Roy & Geffroy (p. 255-263).


IX

LE PRISONNIER


Nous devons maintenant expliquer au lecteur ce qui s’était passé après la chute de don Fernando Carril, lors du guet-apens dont il avait été victime.

Aussitôt que son épée eut échappé à sa main mourante, et qu’il fut tombé aux côtés de son compagnon, les hommes masqués, qui jusqu’alors ne s’étaient risqués qu’avec une certaine défiance à s’approcher de lui, tant sa fine épée leur imposait de respect, comme le témoignaient les corps des quatre bandits dont elle avait percé la poitrine et qui gisaient sur le sable, se précipitèrent tous à la fois sur lui.

Don Fernando Carril était étendu sur le dos ; il ne donnait plus signe de vie : une pâleur mortelle couvrait son noble et beau visage ; ses lèvres entr’ouvertes laissaient voir des dents serrées ; le sang coulait à flots de plusieurs blessures qu’il avait reçues, et sa main crispée serrait encore l’arme avec laquelle il avait si longtemps lutté contre les assassins.

— Caspita ! dit l’un d’eux en le regardant attentivement, voilà un jeune seigneur qui est bien malade ; que dira le maître !

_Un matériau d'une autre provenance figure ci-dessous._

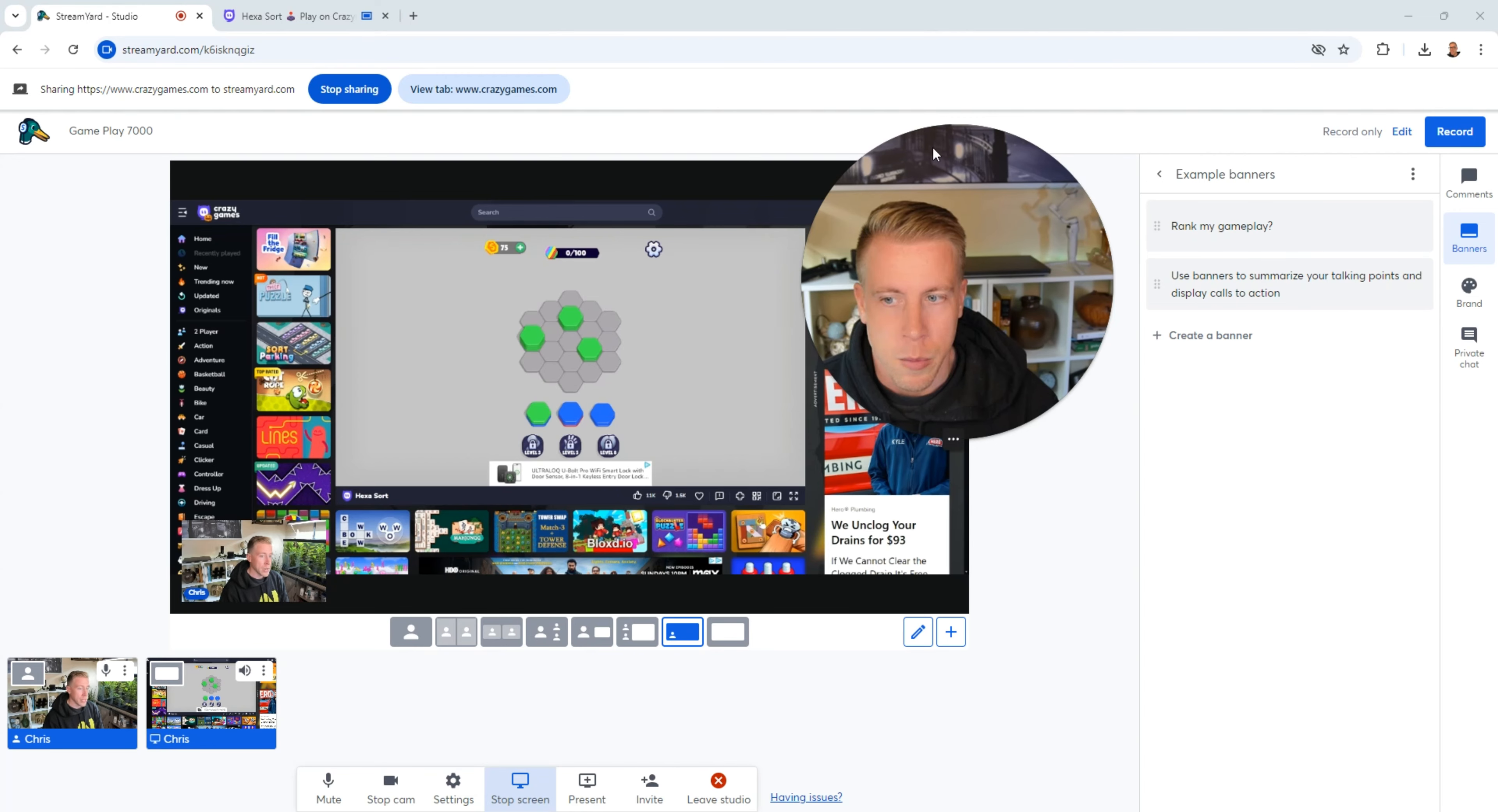Again guys, if you're on the fence with StreamYard, I'll throw my affiliate link in the description. Just go give it a try. It's free. Please use my link.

— Que voulez-vous qu’il dise, señor Carlocho ? répondit un autre ; il se défendait comme un lion : c’est sa faute ! il aurait dû se laisser prendre gentiment, et rien de tout cela ne serait arrivé. Voyez, nous avons perdu quatre hommes.

— Belle perte, sur ma foi, que ces quatre gaillards-là ! J’aurais préféré qu’il en eût tué six, et qu’il ne se trouvât pas dans cet état-là.

— Diable ! murmura le bandit, ce n’est pas aimable pour nous, ce que vous dites là, savez-vous ?

— C’est bon ! c’est bon ! aidez-moi à panser ses blessures tant bien que mal et filons au plus vite, il ne fait pas bon pour nous ici ! D’ailleurs on nous attend autre part ; ainsi faites vite.

Sans plus discuter les bandits se hâtèrent d’obéir aux ordres de Carlocho ; les blessures du jeune homme ayant été pansées tant bien que mal, son corps fut jeté en travers sur le cheval du gaucho qui semblait diriger l’expédition et toute la troupe partit au galop, sans s’occuper davantage de ceux qui avaient succombé dans la lutte, et dont les corps restaient abandonnés aux bêtes fauves.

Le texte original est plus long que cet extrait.